Nehmen wir an, es gelingt uns, diese zusätzliche Qualifikation bereitzustellen. Damit wird notwendigerweise die Streuung des Qualifikationsspektrums größer.

Nun haben wir die Wahl: Lassen wir - entsprechend den Qualifikationen - auch die Einkommensstreuung auseinanderklaffen, dann teilt sich eine kleine Gruppe den Wohlstandszuwachs, und mehr und mehr Menschen verarmen (da Armut ja relativ definiert wird). Versuchen wir aber, die Einkommensstreuung konstant zu halten, dann verschieben sich die Preisrelationen. Wo - mit den Qualifikationen - die Produktivität entsprechend steigt, werden wir wettbewerbsfähig bleiben. Wo dies nicht der Fall ist, werden die Preise der Güter oder Leistun-gen so lange steigen, bis es die

Arbeitsplätze nicht mehr gibt. Unter der Bedingung solidarischer Lohnpolitik werden also unproduktive, das heißt im allgemeinen geringe Qualifikation verlangende Tätigkeiten aus dem Markt verdrängt, unter der Bedingung produktivitätsabhängiger Entlohnung

werden gering Qualifizierte zwar nicht arbeitslos, aber auch arm.

Je mehr wir uns also bemühen, eine moderne, leistungsfähige, flexible, innovative Volkswirtschaft zu gestalten, desto mehr Mitmenschen setzen wir unter Druck, desto mehr werden diesem Druck dann auch nicht mehr standhalten können.

Es ist zwar zweifellos richtig,

daß die hochentwickelten Industrieländer nur im Hochleistungsbereich wettbewerbsfähig sind, aber dies ist eine Durchschnittsbetrachtung und daher nicht die ganze Wahrheit.
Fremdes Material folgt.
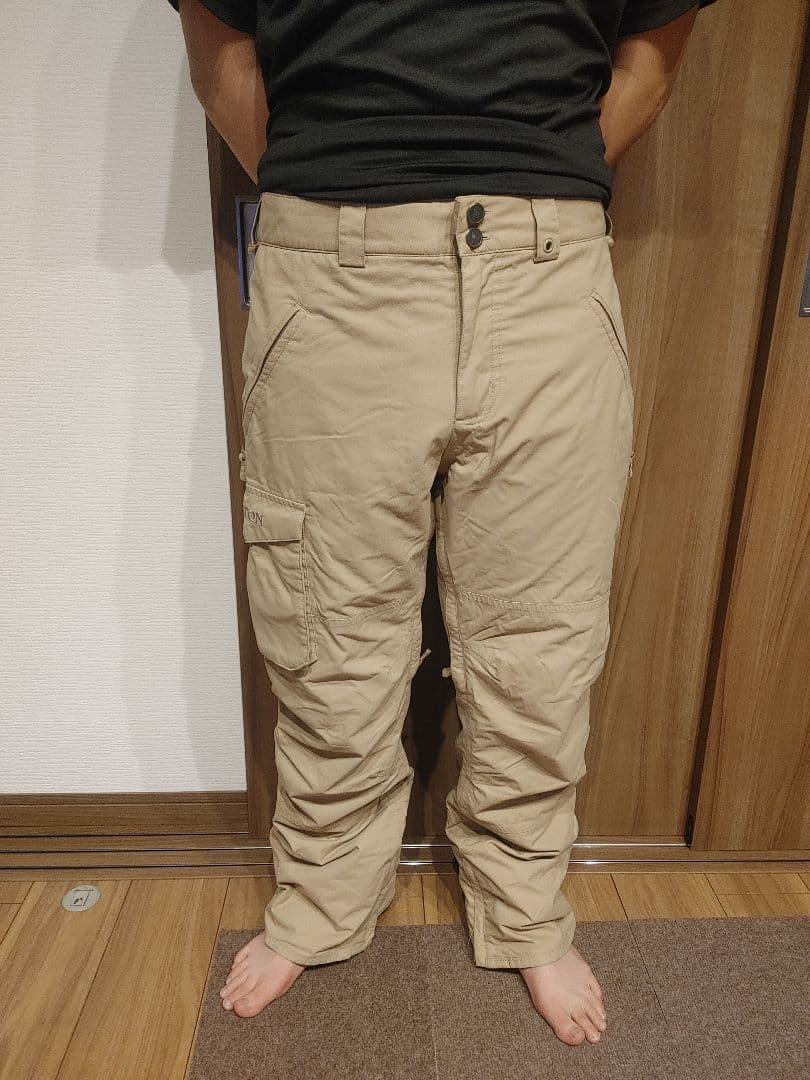 BURTON メンズ スノーボードウェア パンツ Lサイズ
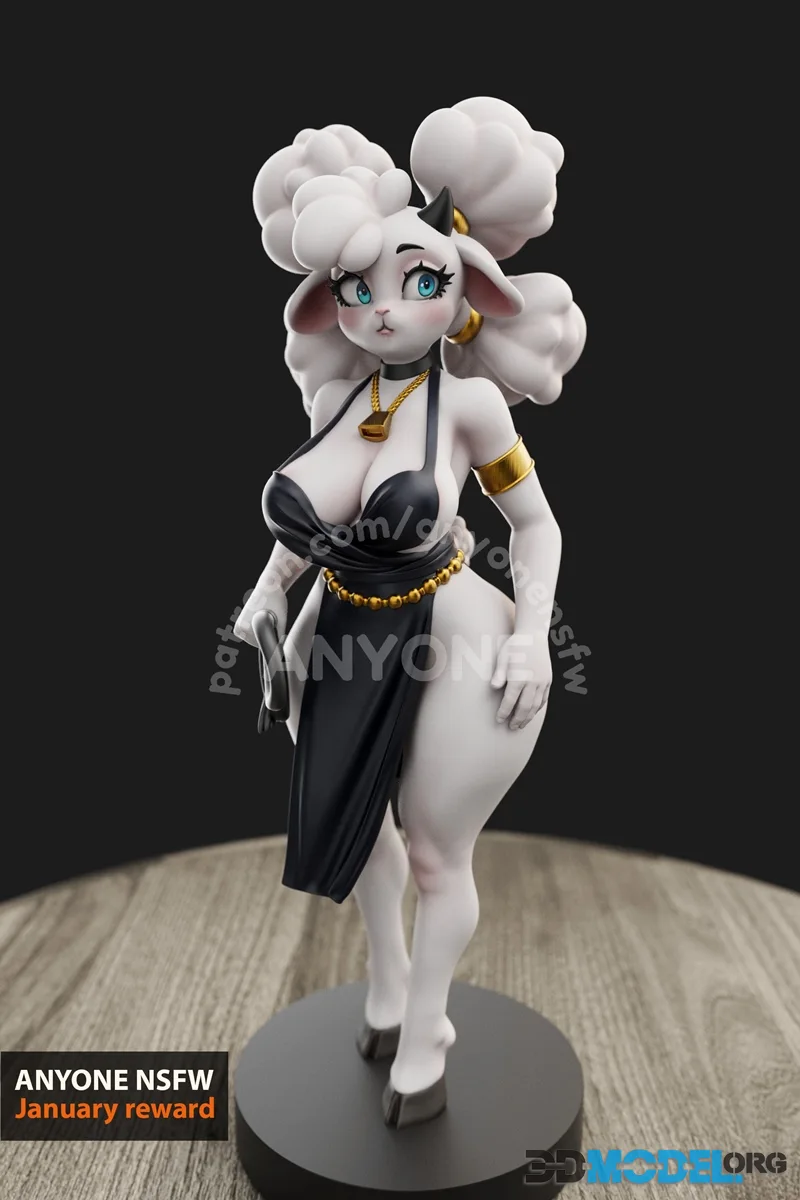 AnyoneNSFW - The Sheep – Printable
Die ganze Wahrheit ist, daß die Gruppe der Wettbewerbsfähigen immer kleiner und immer reicher wird.

In Osterreich wird im Jahr 1997 jeder vierte Arbeitnehmer mindestens einmal die Erfahrung von Arbeitslosigkeit machen, über mehrere Jahre hinweg jeder dritte. Mehr als die Hälfte von ihnen wird diese Erfahrung wegstecken, viele werden sogar relativ bald wieder arbeiten. Aber schätzungsweise bei jedem achten wird ein bleibender Schaden zurückbleiben, am Selbstvertrauen, an den sozialen Beziehungen, am Wissensstand, an seiner unternehmensgebundenen Qualifikation. Und etwa jeder zwölfte, vielleicht schon bald jeder zehnte wird oder wurde schon früher für lange Zeit aus der Bahn geworfen, oft für den Rest seines Lebens.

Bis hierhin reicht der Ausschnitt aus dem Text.